Monopteros im Englischen Garten in München

Der Rasen im Englischen Garten

Das ideale Grün

Der Rasen im Englischen Garten ist perfekt. Unser Autor hat selbst einen Garten. Und fragt sich: Wie machen die das bloß? Anruf bei Bernd Rogge, dem Technischen Leiter des Englischen Gartens.

Neid ist die höchste Form der Anerkennung. Und Neid dürfte jeder, wirklich jeder Hobbygärtner empfinden, wenn er den Englischen Garten betritt. Wieso, verdammt noch mal, ist hier der Rasen so perfekt?

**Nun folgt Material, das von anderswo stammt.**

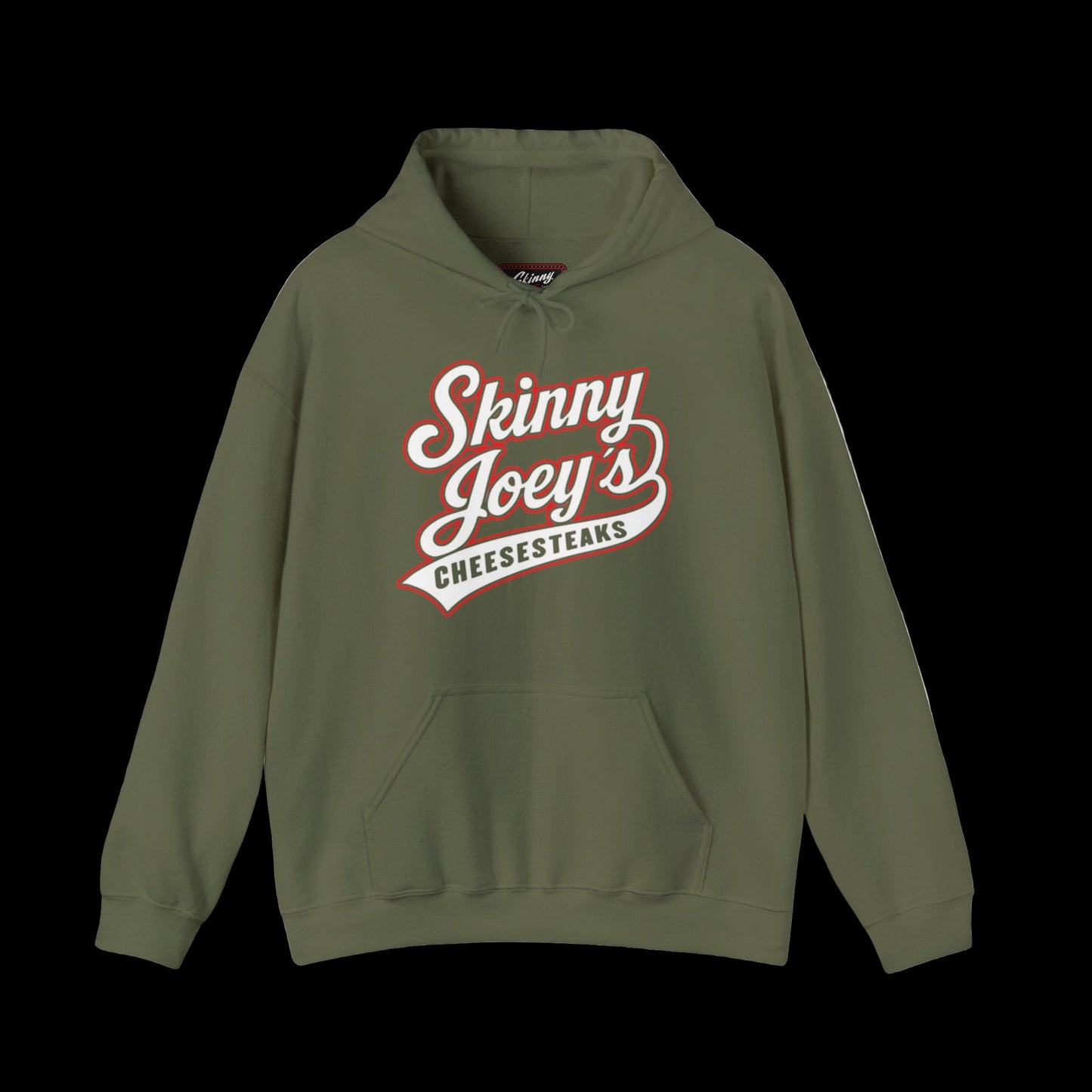 Green hoodie with 'Skinny Joey's Cheesesteaks' text on a white background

Warum ist das Gras so weich wie Samt und auch im Hoch- und Höchstsommer noch so saftig grün, dass man ein eigenes Wort für diese Farbe erfinden müsste? Wieso scheint es hier nichts von alldem zu geben, das Privatrasenbesitzer immer zum, nun ja, Rasen bringt: Moos, Unkraut, kahle Stellen? Nutzen die hier den perfekten Dünger? Oder die edelste Grassorte der Welt? Was ist das Zaubermittel? Worin besteht der Trick?

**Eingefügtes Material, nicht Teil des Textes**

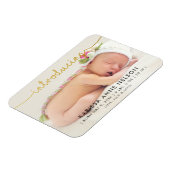 elegant gouden handschrift foto geboortedatum magneet (Linkerzijde)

Anruf bei Bernd Rogge, dem Technischen Leiter des Englischen Gartens. Wobei das mit dem Anruf einfacher klingt, als es ist. Bernd Rogge ist wochenlang nicht ans Telefon zu bekommen. Weil er, der Rasenkünstler, zu arrogant ist? Weil er sein Geheimnis nicht verraten will? Es ist wohl eher so, dass Bernd Rogge ein stark beschäftigter Mann ist. Und zu bescheiden, um viel Aufhebens um sich zu machen. Ein Rasen sei doch letztlich nichts Besonderes, sagt Rogge, als er dann endlich etwas sagt.

Bernd Rogge ist wochenlang nicht ans Telefon zu bekommen. Weil er, der Rasenkünstler, zu arrogant ist? Weil er sein Geheimnis nicht verraten will?

„Bis auf den Nord- und Südpol sind Gräser in allen Klimazonen heimisch, sie stellen den größten Anteil an der Vegetation dieser Erde.“ Natürlich hat Rogge recht. Gräser bedecken unter verschiedenen Namen wie Steppe, Savanne, Pampa und Prärie mehr als ein Drittel der weltweiten Landoberfläche. Der Englische Garten umfasst 417 Hektar, ist größer als der Central Park in New York und der Hyde Park in London und so gesehen auch nur eine innerstädtische Steppe – nur halt eine besonders schöne.

Der Eisbach, der sich durch den Englischen Garten schlängelt, der Monopteros, die Bierseligkeit des Chinesischen Turms, die hohen Laubbäume, deren Zweige sich dekorativ im Wind bewegen – das alles macht den Englischen Garten aus. Und wäre doch nichts ohne die Basis, den Boden, auf dem alles steht: den Rasen, einen weichen Teppich der Natur, der allen Gästen des Parks signalisiert: Hier bist du willkommen, zieh dir die Schuhe aus, setz dich hin, leg dich, nichts wird dich hier stören oder in den Rücken pieksen, entspann dich, hier ist dein öffentliches, dein grünes Wohnzimmer.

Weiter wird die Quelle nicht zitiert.